Jn 3,7-15 |
No se trata de volver a nacer, sino de transformar nuestro corazón de piedra en uno de carne capaz de amar misericordiosamente. Un corazón que, apegado a las tradiciones se mantiene cerrado e inamovible ante los nuevos cambios o retos que nos empujan a renovarnos y a cambiar. Un corazón cerrado e instalado en la doctrina y en la razón humana. Un corazón racional que tiene que ver y entender para creer, y que sólo cree en aquello que ve, toca y entiende.
¿Cómo, entonces, entender y creer en un Dios Omnipotente que está por encima de nosotros? Nos cuesta abrir nuestros corazones y acoger la Palabra de Dios.
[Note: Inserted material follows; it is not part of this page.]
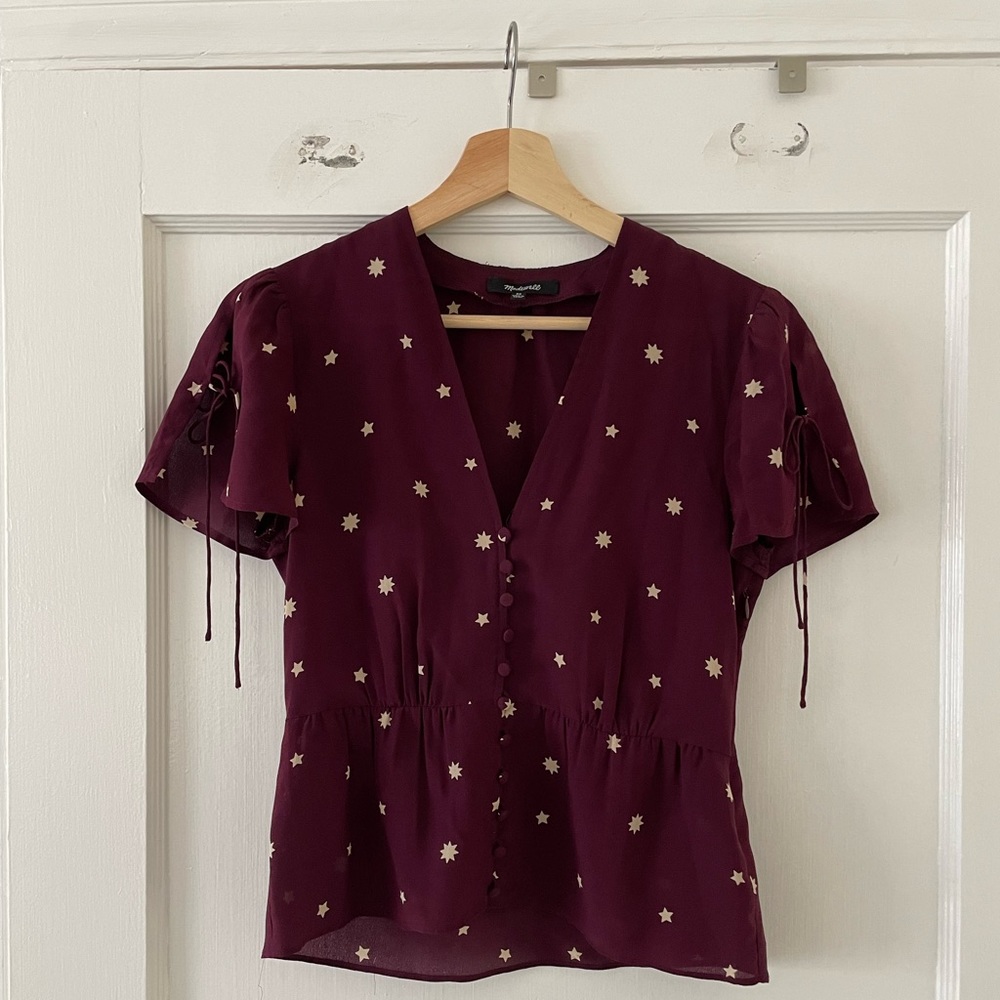 Maroon silk top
Nos cuesta estar disponible como lo estuvo María, nuestra Madre, ante el anuncio del ángel Gabriel. Y, sucede, que ante la dificultad nos cerramos a la Palabra de Jesús, un judío que no nos merece crédito y que habla de cosas que no entendemos y que nos cuesta aceptar y cambiar.
¿Cómo es que tenemos que nacer de nuevo, pregunta Nicodemo? ¿Acaso se puede volver al vientre de nuestras madres? Y quien lo pregunta, Nicodemo, no es un ciudadano corriente, sino un maestro de la Ley, a quien le resulta incomprensible lo que dice Jesús. Y es que quienes no nacen del Espíritu Santo no pueden entender nada de lo que habla Jesús. Sólo, el Espíritu Santo nos puede guiar y descubrir el verdadero significado de la Palabra de Dios. Es Él quien nos revela la Palabra de Dios.
Es el mismo Espíritu Santo por el que María concibe a Jesús, el Hijo de Dios, y es el Espíritu quien le guía al desierto una vez recibido el bautismo de manos de Juan el Bautista y presentado por su Padre como el enviado y el Hijo amado y predilecto. Y a quien nos invita el Padre a escucharle y obedecerle. Por lo tanto, necesitamos volver a nacer desde el Espíritu Santo. Un nacimiento que se realiza en nuestro Bautismo, y que nos capacita para, en el Espíritu Santo, fortalecernos y prepararnos para la lucha diaria contra las tentaciones y el pecado.